In fact, I don't know that there are many clubs in Ireland that organise evenings of serious talking. But I'm in America at the moment and professional clubs matter here, perhaps because, in such a huge country, networking is something people in the same line of business have to do because they can't rely on bumping into each other. The rather grand Overseas Press Club in midtown Manhattan is basically for and about foreign correspondents. Thanks to Ireland's present status in the world, it held a panel discussion recently that examined the question . . . how has Ireland managed to surge forward economically? I was one of the speakers . . . something of a wild card. The other speakers actually knew something about the subject.
But economics doesn't exist independently of the general culture. Being a poor country or a prosperous country is a matter of the detail of lived experience for the people in that country. The speakers the other night kept referring to the Irish labour force. But what is a labour force, or rather, who is it? How is it linked with the past and future? I brooded about that on the long subway ride home.
It was agreed by all concerned the other night that a major reason for our sudden economic wellbeing was that in the '90s, when profitable American companies were looking for an EU country to open up in, they chose Ireland because of its labour force. And what was so great about the labour force? Well, they said, it was and is large, well-educated and English-speaking. I amused myself by looking at each of those words.

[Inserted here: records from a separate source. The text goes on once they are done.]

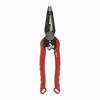 MILWAUKEE Striper 7 u 1 230 mm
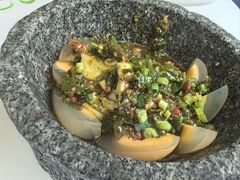 -院8里·小聚园(九眼桥店)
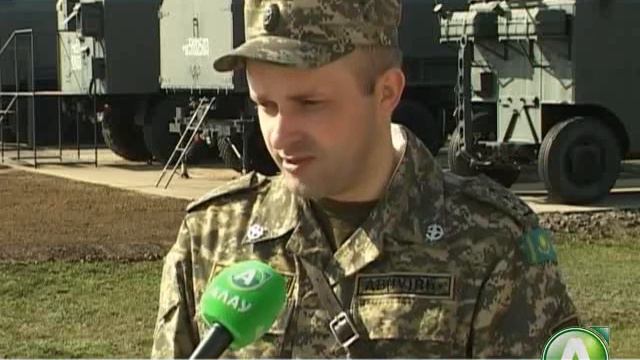 учения ПВО смотреть онлайн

Take 'English-speaking'. If we were not English-speaking, which we are thanks to our specific responses to colonial oppression by Britain . . . Wales, you notice, was also oppressed, but the Welsh did not lose their language . . . we would not be enjoying our present prosperity. Property is much cheaper in Italy or France or Germany and the roads and railways are indescribably better and the food is in a different and higher league, but if you were an American or Asian CEO setting up a business in an EU country all that wouldn't count against the problems presented by any other language than English.

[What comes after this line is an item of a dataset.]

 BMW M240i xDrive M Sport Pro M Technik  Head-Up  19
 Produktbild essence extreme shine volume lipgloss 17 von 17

So . . . thank you, England.
Then take 'well-educated'. What does it mean to say that the Irish labour force is well-educated? Against whom is it being compared? And what is the educational goal the workers have well achieved? Have they learnt to be independent thinkers? Have they found their way to identifying their own gifts and to releasing their own creativity? Perhaps welleducated means nothing more than that for the last 35 years or so most Irish students haven't left school till they're well into their teens and nowadays a high proportion have gone on to third-level study. But the same could be said for the young people of many other countries. What is it about Irish education that makes the Irish so suitable for employment? It doesn't just mean, does it, that they're good at obeying American bosses?

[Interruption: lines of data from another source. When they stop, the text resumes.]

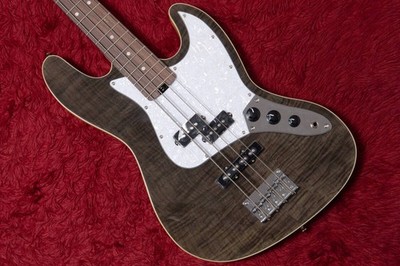 [outlet] AriaPro  / Evergreen STB-AE200 BKDM 4.235kg #1023032329 [GIB Yokohama]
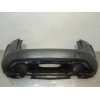 PARAGOLPES TRASERO 983430011T 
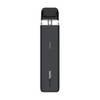 Vaporesso XROS 5 Mini Kit (Boîte de 5)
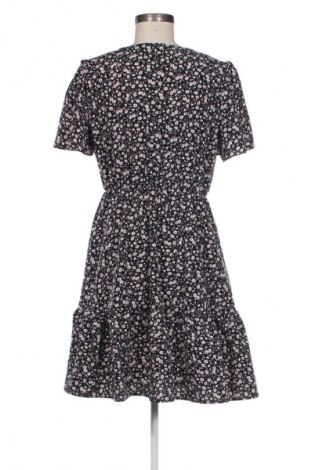 Рокля SHEIN, Размер M, Цвят Многоцветен, Цена 20,00 €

Now take the seemingly innocuous word, "large". Behind this word, I decided . . . as I raced across the platform to change trains . . .
a massive cultural shift is hiding. How did the Irish labour force become so large? Well, I'll tell you. It got large by Irish mothers having big families . . . very, very big families, followed over time by big families, followed by families declining in size towards the EU average.
And why did Irish women have so many children?
They had them because they had few options but to have them, until, in 1979, Charles Haughey defied the majority church and those who follow Papal teaching in this matter and brought in limited access to contraception for married couples as an Irish solution to an Irish problem. As soon as there was widespread access to contraception, family size fell dramatically.
So the economic miracle owes its existence to Mna na hEireann! Had you realised that? How often do specialist commentators make that point? We'd be nowhere today without all the workers our mothers and grandmothers provided us with.
What's more, as soon as the adult lives of the women of Ireland were not wholly spent in childrearing, the women sought paid work.
They came from a standing start to constitute the biggest addition to the Irish labour force in recent decades . . . in fact, for a time more or less all its growth was due to the entry of women.
And there are more women to come. Even now, there aren't as many women working outside as well as inside the home as there are in most other EU countries. The jobs women get at the moment are clustered at the bottom end of the pay scale, where they may be the foundation of personal power but they don't add up to social power.
But just you wait. Even as things are, women's entry into the labour force means changed childrearing, changed parent-toparent and parent-to-child relationships and in the end it will mean changed women.
Which is not unexpected, they just having given birth to the celtic tiger.
And with this little exercise in humanising the 'dismal science' of economics completed to my satisfaction, the train rattled into my station.